** Opening The input block **

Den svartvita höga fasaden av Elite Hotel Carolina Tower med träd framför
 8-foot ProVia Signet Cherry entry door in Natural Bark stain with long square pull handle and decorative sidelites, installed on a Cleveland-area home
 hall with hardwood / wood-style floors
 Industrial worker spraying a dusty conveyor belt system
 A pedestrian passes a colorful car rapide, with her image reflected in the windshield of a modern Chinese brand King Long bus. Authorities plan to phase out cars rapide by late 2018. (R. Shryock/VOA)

** Closing The input block **
** Opening The input block **

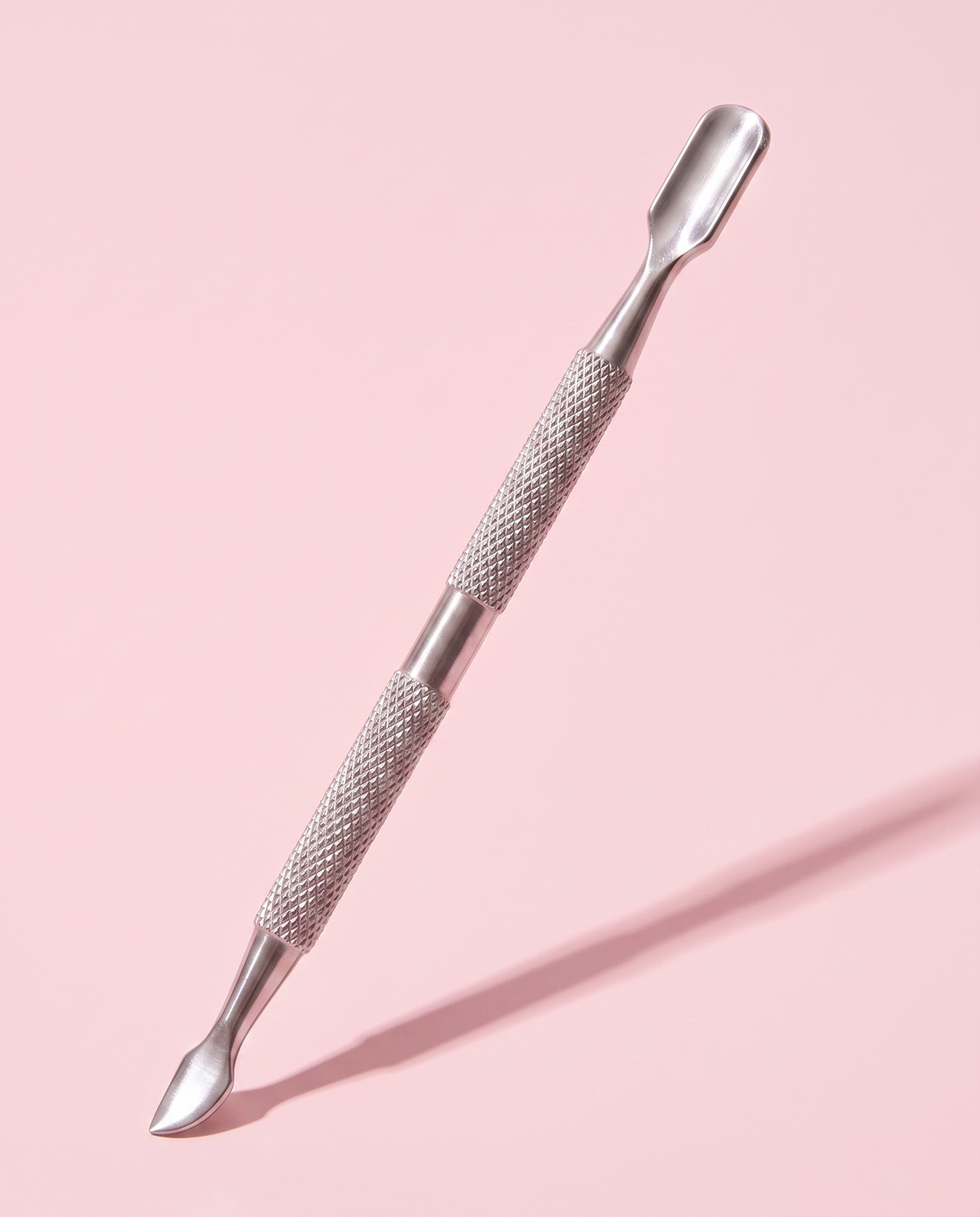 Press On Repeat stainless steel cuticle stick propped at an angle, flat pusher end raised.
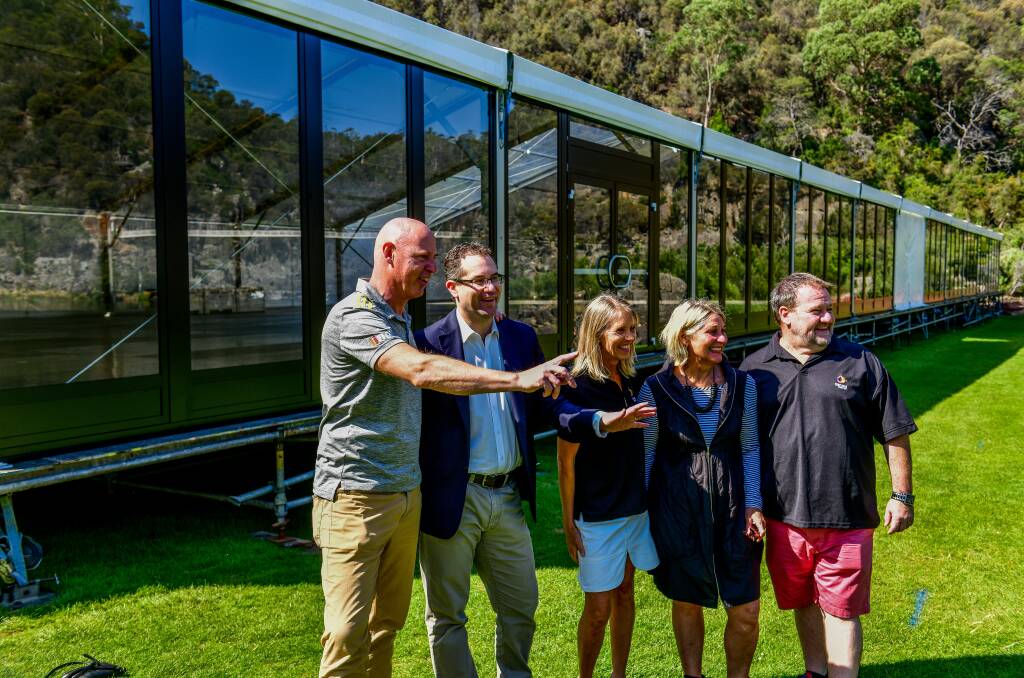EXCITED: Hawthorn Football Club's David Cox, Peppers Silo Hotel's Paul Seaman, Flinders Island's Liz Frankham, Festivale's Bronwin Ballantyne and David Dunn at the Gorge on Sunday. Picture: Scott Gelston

** Closing The input block **

Go to the line in the material above that contains "Industrial worker spraying" and copy exactly from there through the line that contains "A pedestrian passes", stopping after it.

 Industrial worker spraying a dusty conveyor belt system
 A pedestrian passes a colorful car rapide, with her image reflected in the windshield of a modern Chinese brand King Long bus. Authorities plan to phase out cars rapide by late 2018. (R. Shryock/VOA)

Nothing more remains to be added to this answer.